**WORK ORDER**.
All of the entries are to be printed exactly as they appear.

**DATASET**.
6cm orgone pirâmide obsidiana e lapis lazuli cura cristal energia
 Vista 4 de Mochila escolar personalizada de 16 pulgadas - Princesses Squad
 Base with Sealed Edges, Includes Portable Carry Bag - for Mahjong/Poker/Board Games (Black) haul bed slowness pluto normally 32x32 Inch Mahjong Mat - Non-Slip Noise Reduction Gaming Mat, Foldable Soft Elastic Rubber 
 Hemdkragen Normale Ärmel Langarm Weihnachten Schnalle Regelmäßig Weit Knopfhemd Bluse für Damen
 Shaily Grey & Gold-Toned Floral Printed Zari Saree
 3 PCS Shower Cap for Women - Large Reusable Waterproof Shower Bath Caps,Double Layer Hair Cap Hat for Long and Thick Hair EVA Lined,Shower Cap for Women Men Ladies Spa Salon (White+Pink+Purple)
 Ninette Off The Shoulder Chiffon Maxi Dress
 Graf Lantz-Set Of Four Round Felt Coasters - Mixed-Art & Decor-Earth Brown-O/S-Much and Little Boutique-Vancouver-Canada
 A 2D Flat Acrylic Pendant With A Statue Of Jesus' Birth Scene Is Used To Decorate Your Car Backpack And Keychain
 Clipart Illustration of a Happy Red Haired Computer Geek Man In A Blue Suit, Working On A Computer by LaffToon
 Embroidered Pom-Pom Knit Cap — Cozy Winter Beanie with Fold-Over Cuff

**YOUR SOLUTION**.
6cm orgone pirâmide obsidiana e lapis lazuli cura cristal energia
 Vista 4 de Mochila escolar personalizada de 16 pulgadas - Princesses Squad
 Base with Sealed Edges, Includes Portable Carry Bag - for Mahjong/Poker/Board Games (Black) haul bed slowness pluto normally 32x32 Inch Mahjong Mat - Non-Slip Noise Reduction Gaming Mat, Foldable Soft Elastic Rubber 
 Hemdkragen Normale Ärmel Langarm Weihnachten Schnalle Regelmäßig Weit Knopfhemd Bluse für Damen
 Shaily Grey & Gold-Toned Floral Printed Zari Saree
 3 PCS Shower Cap for Women - Large Reusable Waterproof Shower Bath Caps,Double Layer Hair Cap Hat for Long and Thick Hair EVA Lined,Shower Cap for Women Men Ladies Spa Salon (White+Pink+Purple)
 Ninette Off The Shoulder Chiffon Maxi Dress
 Graf Lantz-Set Of Four Round Felt Coasters - Mixed-Art & Decor-Earth Brown-O/S-Much and Little Boutique-Vancouver-Canada
 A 2D Flat Acrylic Pendant With A Statue Of Jesus' Birth Scene Is Used To Decorate Your Car Backpack And Keychain
 Clipart Illustration of a Happy Red Haired Computer Geek Man In A Blue Suit, Working On A Computer by LaffToon
 Embroidered Pom-Pom Knit Cap — Cozy Winter Beanie with Fold-Over Cuff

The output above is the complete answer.